Do you ever think about the environmental and social impact of your fashion choices? This is the second most-polluting industry, with large ethical issues on labour exploitation, but your informed decisions can make a difference.
Yes, we all expect the ideal dress to make us look our best and feel great. But since we are smart, educated women, we should also be expecting something more - which is for it to be produced in an ethical, responsible way.
Over the past few years I have become more and more preoccupied with this subject and with finding ways to make Deilani eco- and social- friendlier every day. However, the key component of this project is you and your willingness to make sustainability a priority. So here are some ideas on what sustainable fashion means and on how we – both industry and consumers – can choose to make a positive difference.
The goal here is to minimize our negative impact on the environment, but also to encourage fair treatment of textile laborers. Labels like “Made in India” or “Made in Bangladesh” make me think twice, after having read about child labour in those countries. The social component of sustainability is a difficult one, since it is impossible to know who everyone in the supply chain is, but I, personally, feel more at peace when choosing garments and fabrics that are made in Europe.
The most sustainable materials are the natural ones, so you might want to choose fabrics made from natural or recycled fibres. If you aspire to help reduce the use of pesticides, choose organic fabrics whenever you can.
Another critical issue is dyeing, which can produce enormous amounts of chemical waist. Just use Google search and look at the images of rivers polluted because of textile dyes. You’ll never want to wear that “red” dress ever again! That is why, at Deilani, we favour European textile producers who are using the digital inkjet printing technology, a modern technique (patented in 1968) - more expensive than the traditional ones, but eco-friendly.
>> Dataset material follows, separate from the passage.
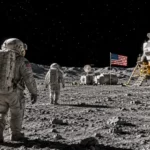 Installation lunaire neutre près d’un cratère ombragé au pôle Sud.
Learning about fibres, fabrics, production methods and technology is complex and time consuming, but what is simple to understand and remember is this (I am borrowing a few words from dresswelldogood.com):
We can make ethical choices simply by stepping away from the fast-fashion mentality, by purchasing clothing that we intend to get a lot of use out of.
My personal strategy is to buy less, to choose quality and timeless design. Apart from reducing the impact of human production and waste, you will discover that, especially after a certain age, these are the pieces of clothing you will enjoy most and feel most confident wearing.